Zigzag-type Molecular Belts and Beyond

 

Zigzag-type Molecular Belts and Beyond

 

Date: 6^th June, 2025 (Friday)

Time: 5 - 6 pm (HKT)

 

Venue: Lecture Theatre P1, Chong Yuet Ming Chemistry Building

 

Prof. Mei-Xiang WANG

Tsinghua University

 

Prof. Dr. Wang graduated from Fudan University in 1983. After spending 3 years in Beijing General Research Institute of Non-ferrous Metals as a research associate, he joined Institute of Chemistry, Chinese Academy of Sciences (ICCAS) at Beijing and obtained his master degree (1989) and PhD (1992). He then worked at ICCAS ranking from assistant professor, associate professor to professor. He has joined Tsinghua University since the May of 2009. He was elected as the Member of Chinese Academy of Sciences in 2021. He serves as the chairman of the committee of supramolecular chemistry, Chinese Chemistry Society.

 

Zigzag aromatic belts such as belt[n]arenes or [n]cyclacenes have been fascinating chemists and materials scientists since they were proposed by Heilbronner in 1954 because of their aesthetically appealing structures, tantalizing physical and chemical properties, and potential applications. Despite synthetic effort in the past decades, the synthesis of zigzag aromatic belts remains a formidable challenge.¹ Very recently, we² have established a general and straightforward fjord-stitching strategy to construct partly hydrogenated belt[n]arenes by multiple C-C bond forming reactions from inexpensive and easily available resorcin[n]arene derivatives. Formation of the first fully conjugated belt[8]arene was observed. The fjord-stitching strategy has been extended successfully to the synthesis of a diversity of novel and functionalized zigzag-type molecular belts (Figure 1). In this talk, I will present our endeavors to develop the (supramolecular) chemistry of zigzag-type molecular nanobelts.³

 

1. For reviews, see: (a) Shi, T.-H.; Wang, M.-X. CCS Chem. 2020, 2, 916. (b) Guo, Q.-H.; Qiu, Y.; Wang, M.-X.; Stoddart, J. F. Nature Chem. 2021, 13, 402.
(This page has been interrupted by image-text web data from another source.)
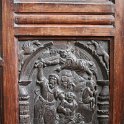 IMG_3976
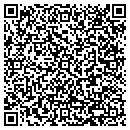 QR code with A1 Best Sanitation contacts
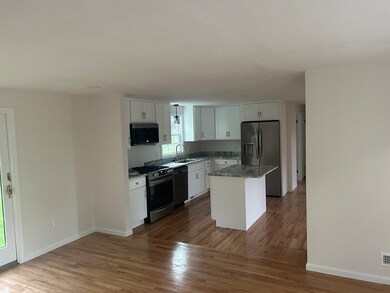 699 Glendale Rd, Wilbraham, MA 01095 - photo 2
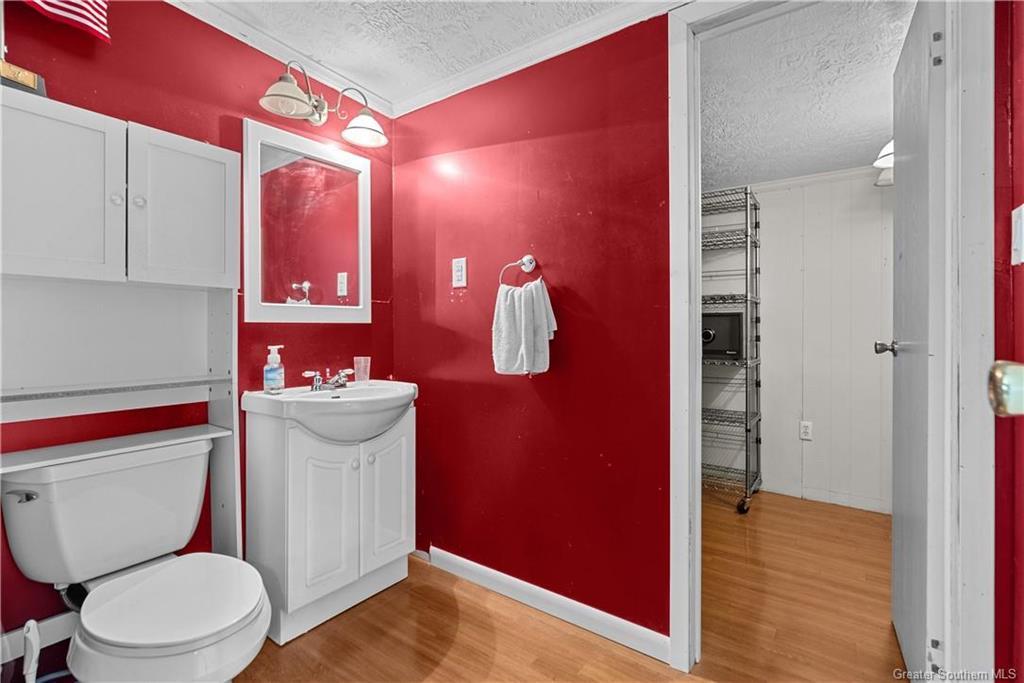 20266 Parish Line Road Kinder, LA 70648 - Photo 16 of 23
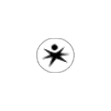 Muddy logo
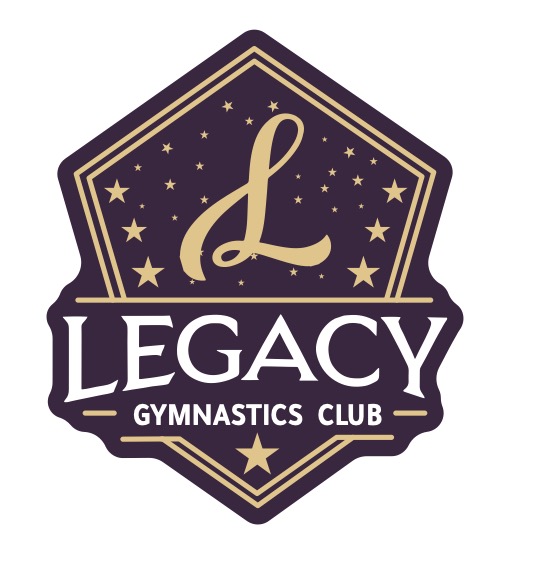 Legacy Logo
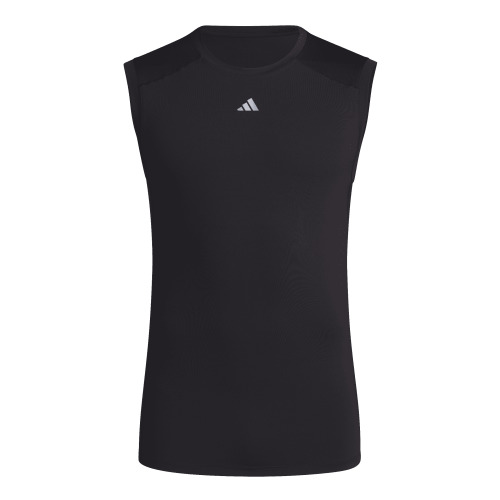adidas Techfit AEROREADY Sleeveless Tee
2. Shi, T.-H.; Guo, Q.-H.; Tong, S.; Wang, M.-X. J. Am. Chem. Soc. 2020, 142, 4576.

3. (a) Zhang, Q.; Zhang, Y.-E; Tong, S.; Wang, M.-X. J. Am. Chem. Soc. 2020, 142, 1196. (b) Shi, T.-H.; Tong, S.; Wang, M.-X. Angew. Chem. Int. Ed. 2020, 59, 7700. (c) Zhang, Y.; Tong, S.; Wang, M.-X. Angew. Chem. Int. Ed. 2020, 59, 18151. (d) Tan, M.-L.; Guo, Q.-H.; Wang, X.-Y.; Shi, T.-H.; Zhang, Q.; Hou, S.-K.; Tong, S.; You, J. Wang, M.-X. Angew. Chem. Int. Ed. 2020, 59, 23649. (e) Xie, M.; Tong, S.; Wang, M.-X. CCS Chem. 2023, 5, 117. (f) Peng, Y.; Tong, S.; Zhang, Y.; Wang, M.-X. Angew. Chem. Int. Ed. 2023, 62, e202302646. (g) Wang, X.-Y. Zhang, X.-Y.; Tong S.; Guo, Q.-H.; Tan, M.-L.; Li, C.-J.; Wang, M.-X. CCS Chem. 2024, 6, 1198. (h) Chen, J.-H.; Peng, Y. Tong, S.; Wang, M.-X. J. Am. Chem. Soc. 147, 1595.